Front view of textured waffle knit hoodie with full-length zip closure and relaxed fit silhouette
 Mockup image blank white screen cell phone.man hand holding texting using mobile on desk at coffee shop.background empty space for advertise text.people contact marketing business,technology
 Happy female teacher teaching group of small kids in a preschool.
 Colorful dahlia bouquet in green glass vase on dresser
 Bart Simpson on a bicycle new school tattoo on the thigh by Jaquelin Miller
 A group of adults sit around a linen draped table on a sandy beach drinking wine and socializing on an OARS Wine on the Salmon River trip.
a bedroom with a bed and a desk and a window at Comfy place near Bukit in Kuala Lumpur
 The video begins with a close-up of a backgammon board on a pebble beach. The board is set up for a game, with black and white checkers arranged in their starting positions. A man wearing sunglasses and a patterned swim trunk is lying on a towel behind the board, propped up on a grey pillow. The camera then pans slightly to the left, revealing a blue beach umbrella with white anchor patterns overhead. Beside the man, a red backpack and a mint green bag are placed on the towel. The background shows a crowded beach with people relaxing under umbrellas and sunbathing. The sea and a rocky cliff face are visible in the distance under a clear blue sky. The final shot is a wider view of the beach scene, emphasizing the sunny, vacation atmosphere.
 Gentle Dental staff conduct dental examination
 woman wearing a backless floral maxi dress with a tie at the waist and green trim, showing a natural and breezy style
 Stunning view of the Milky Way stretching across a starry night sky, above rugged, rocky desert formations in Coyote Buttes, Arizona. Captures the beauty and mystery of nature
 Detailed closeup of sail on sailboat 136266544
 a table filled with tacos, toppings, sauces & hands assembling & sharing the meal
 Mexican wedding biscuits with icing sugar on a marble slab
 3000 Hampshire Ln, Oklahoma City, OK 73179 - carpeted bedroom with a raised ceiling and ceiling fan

______

- **Problem statement**
Copy out all lines above that include the string "beach".

- **Response below**
 A group of adults sit around a linen draped table on a sandy beach drinking wine and socializing on an OARS Wine on the Salmon River trip.
 The video begins with a close-up of a backgammon board on a pebble beach. The board is set up for a game, with black and white checkers arranged in their starting positions. A man wearing sunglasses and a patterned swim trunk is lying on a towel behind the board, propped up on a grey pillow. The camera then pans slightly to the left, revealing a blue beach umbrella with white anchor patterns overhead. Beside the man, a red backpack and a mint green bag are placed on the towel. The background shows a crowded beach with people relaxing under umbrellas and sunbathing. The sea and a rocky cliff face are visible in the distance under a clear blue sky. The final shot is a wider view of the beach scene, emphasizing the sunny, vacation atmosphere.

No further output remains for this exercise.